The Vidrial framework allows for the creation of highly optimized CUDA kernels by dynamically selecting the best hardware configurations for specific operations and hardware.

4

Models can be transformed ("metamorphosed") from existing pre-trained architectures to Power Retention variants with minimal mid-training fine-tuning, without full pre-training.

5

Power Retention demonstrates substantial speed-ups in both training (up to 10x) and inference (up to 100x) compared to traditional attention mechanisms at long context lengths (e.g., 64k tokens).

6

Manifest AI is open-sourcing its components to foster community adoption and development of new models and applications leveraging long-context capabilities.

7

The true value of long context is data-dependent; internet text often favors short contexts, while domains with long-term dependencies (e.g., human trajectories) stand to benefit most from Power Retention.

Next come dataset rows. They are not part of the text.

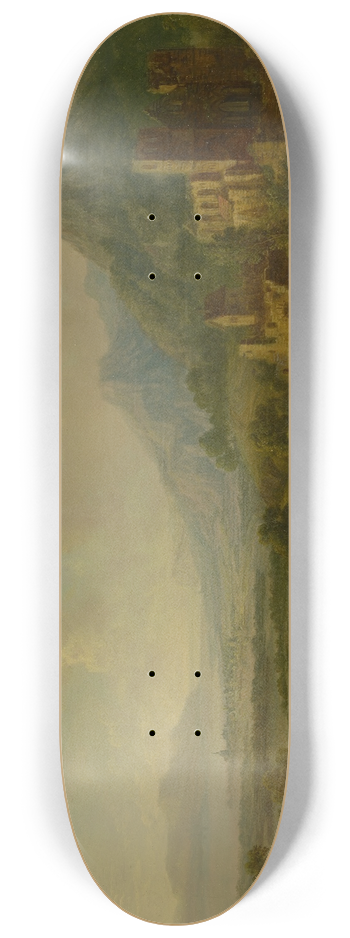 Christian Georg Schtz the elder - River Valley with Church Ruin and Staffage Figures 8.25 inch art skate deck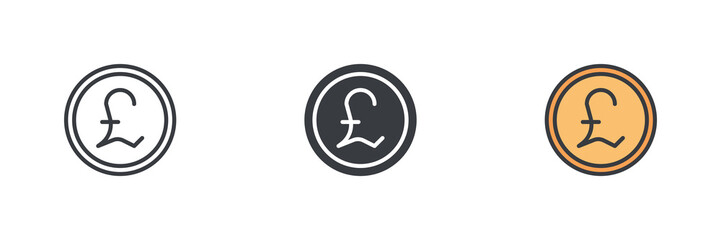 Aufkleber - British Pound Sterling currency different style icon set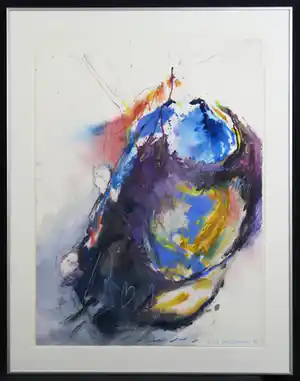 Peter Langenberg - Gemengde techniek op papier, P241 - Ingelijst, Unicum! Galerieprijs €950! verkocht voor € 89!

THE ORIGIN AND MISSION OF MANIFEST AI

Manifest AI was founded by Jacob Buckman and Kalis, former researchers from Google Brain and OpenAI, respectively. Their core belief was that simply scaling up existing Transformer models would not lead to true human-level intelligence. They identified the challenge of efficiently processing large inputs, specifically long contexts, as a fundamental blocker. The company set out to address this bottleneck at its deepest level, moving beyond incremental improvements to create a fundamentally different architecture.

THE KV CACHE BOTTLENECK IN TRANSFORMERS

Traditional Transformer models face a significant computational bottleneck due to the KV cache. This cache stores information from every token processed, causing it to grow linearly with the sequence length. Consequently, each subsequent token prediction becomes more expensive, making long contexts computationally intractable and costly. Many existing 'long context' solutions are workarounds like windowed attention, which sacrifice information from earlier parts of the context, leading to degraded performance on complex, long-range dependencies.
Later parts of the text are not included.